I'll be honest that when I received this book in the post I wasn't at all sure what to make of it. I'd heard some information via Twitter, but not so much as to form an opinion. So when I did crack open (Not literally!) the spine I was pleasantly surprised. Big thanks to Scholastic for the review copy!
Every action, every deed, every significant moment is tattooed on your skin for ever. When Leora's father dies, she is determined to see her father remembered forever. She knows he deserves to have all his tattoos removed and made into a Skin Book to stand as a record of his good life. But when she discovers that his ink has been edited and his book is incomplete, she wonders whether she ever knew him at all.
Ink tells the story of a young girl in search for truth. It's this universal concept at the book's heart that makes it so relatable, but it's the characters and world that keep you hooked.
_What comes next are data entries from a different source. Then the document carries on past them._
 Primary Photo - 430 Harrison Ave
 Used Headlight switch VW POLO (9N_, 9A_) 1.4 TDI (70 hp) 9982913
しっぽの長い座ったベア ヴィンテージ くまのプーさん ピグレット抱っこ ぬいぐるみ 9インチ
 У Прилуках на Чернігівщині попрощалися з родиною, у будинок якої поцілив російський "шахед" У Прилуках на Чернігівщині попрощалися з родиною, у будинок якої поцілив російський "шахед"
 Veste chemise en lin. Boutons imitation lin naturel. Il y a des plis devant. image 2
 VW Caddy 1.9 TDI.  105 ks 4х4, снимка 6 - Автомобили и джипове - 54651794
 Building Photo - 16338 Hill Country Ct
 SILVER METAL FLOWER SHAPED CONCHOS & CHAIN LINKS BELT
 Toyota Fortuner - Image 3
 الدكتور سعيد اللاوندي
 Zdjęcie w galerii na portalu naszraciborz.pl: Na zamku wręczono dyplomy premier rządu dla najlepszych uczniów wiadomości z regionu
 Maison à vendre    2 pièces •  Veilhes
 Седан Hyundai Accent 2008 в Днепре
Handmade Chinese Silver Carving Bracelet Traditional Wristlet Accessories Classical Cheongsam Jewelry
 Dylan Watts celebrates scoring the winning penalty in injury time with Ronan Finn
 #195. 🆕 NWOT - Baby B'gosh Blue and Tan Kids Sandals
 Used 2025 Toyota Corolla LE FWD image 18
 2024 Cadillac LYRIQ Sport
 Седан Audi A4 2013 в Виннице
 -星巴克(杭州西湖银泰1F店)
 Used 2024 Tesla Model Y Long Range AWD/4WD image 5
Readers are swept into a dystopian world where tattoos are sacred, the marks on your skin recall the good and the bad, and to be blank is to be an outcast. Broadway paints a detailed, colourful world that quite easily sucks the reader in, and I really loved learning about its history. Short stories from the part are woven into the narrative, giving the world a greater history and depth, and I found them all fascinating.
What Broadway more importantly does however is show a world of black and white, a stark line between who is deemed good or bad, and how it only takes one person to see grey and start a revolution.
Main character Leora was a fabulous heroine who doesn't stop in her search for truth regardless of the challenges she faces. She's highly emotional in some scenes but that only shows the vulnerability of her youth and somewhat sheltered existence, and makes her all the stronger for it. With every turn of the page she was the epitome of true power, and I loved following her journey.
My only disappointment was how abruptly the novel ended and that the conclusion seemed perhaps a little sudden with regards to Leora's character development, but I'm to assume this will be addressed in the sequel, which makes me all the more excited for its eventual release.